2nd Governor of Madhesh Province
- In office 5 November 2019 – 19 February 2021
- President: Bidya Devi Bhandari
- Prime Minister: K. P. Sharma Oli
- Preceded by: Ratneshwar Lal Kayastha
- Succeeded by: Rajesh Jha

Member of the Constituent Assembly
- In office 28 May 2008 – 28 May 2012
- Preceded by: Gyanu K.C. (as Member of Parliament)
- Succeeded by: Dev Raj Bhar
- Constituency: Banke 1

Personal details
- Born: 31 October 1943 (age 82) Liwang, Rolpa, Nepal
- Spouse: Chandra Pariyar
- Children: 8 (4 son and 4 daughter)
- Parent(s): Hasta Bahadur Pariyar (father) Bhakti Devi Pariyar (mother)
- Alma mater: B.A.

= Tilak Pariyar =

Nepali politician

Tilak Pariyar (तिलक परियार) is a Nepalese politician and former Governor of Karnali Province.

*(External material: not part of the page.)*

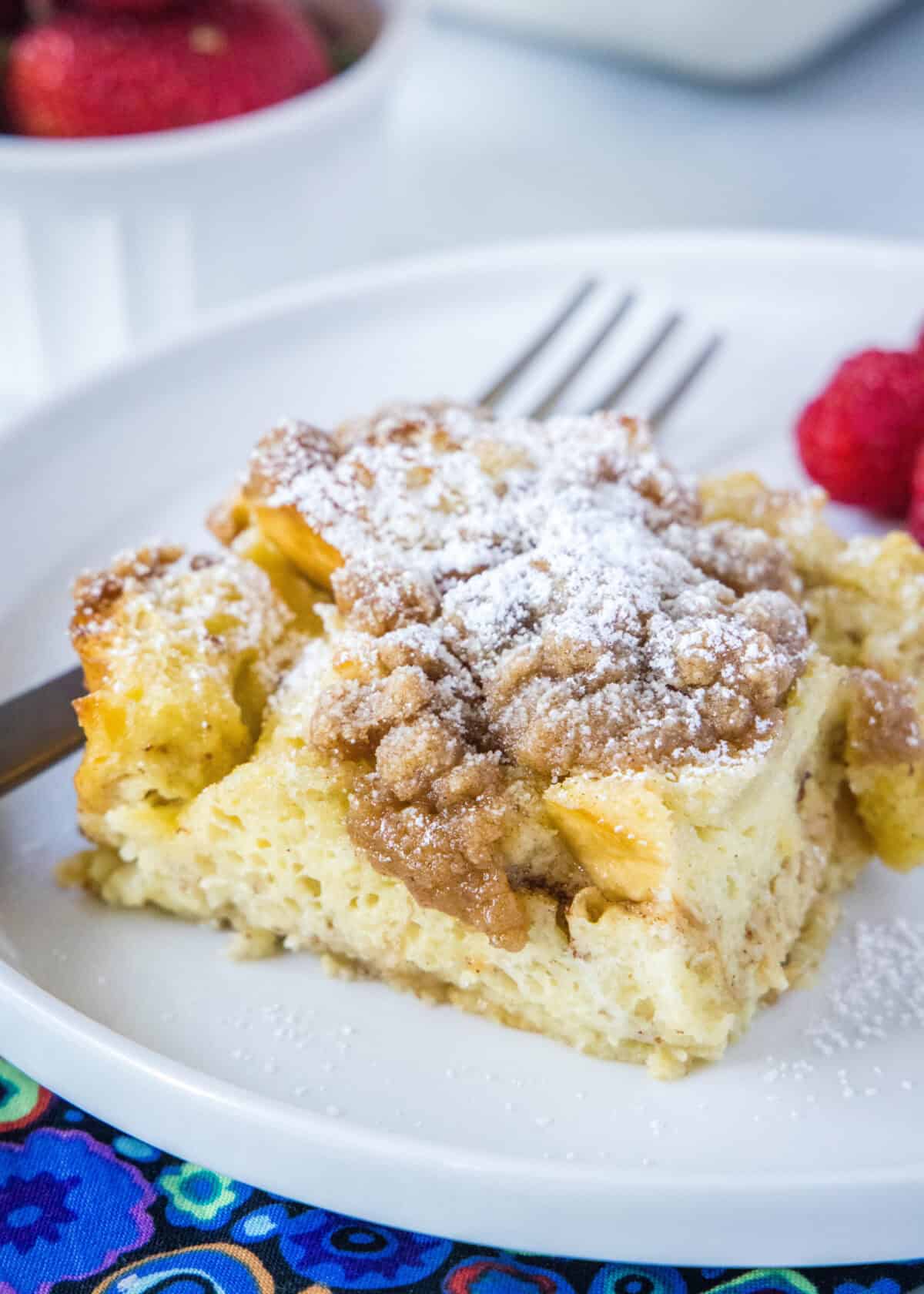 slice of french toast casserole with powdered sugar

He was appointed Governor, as per the Article 163 (2) of the Constitution of Nepal by the President Bidya Devi Bhandari on the recommendation of the Council of Ministers of the Government of Nepal on 9 November 2021. He previously served as the 2nd Governor of Province No. 2 of Nepal. He is former member of the 1st Nepalese Constituent Assembly from Banke-1 constituency.

==Personal life==
Pariyar was born in Liwang, Rolpa district on 31 October 1943 to Hasta Bahadur Pariyar and Bhakti Devi Pariyar. He did his secondary education and Bachelor degree from India. Pariyar is married to Chandra Pariyar, with whom he has four sons and four daughters.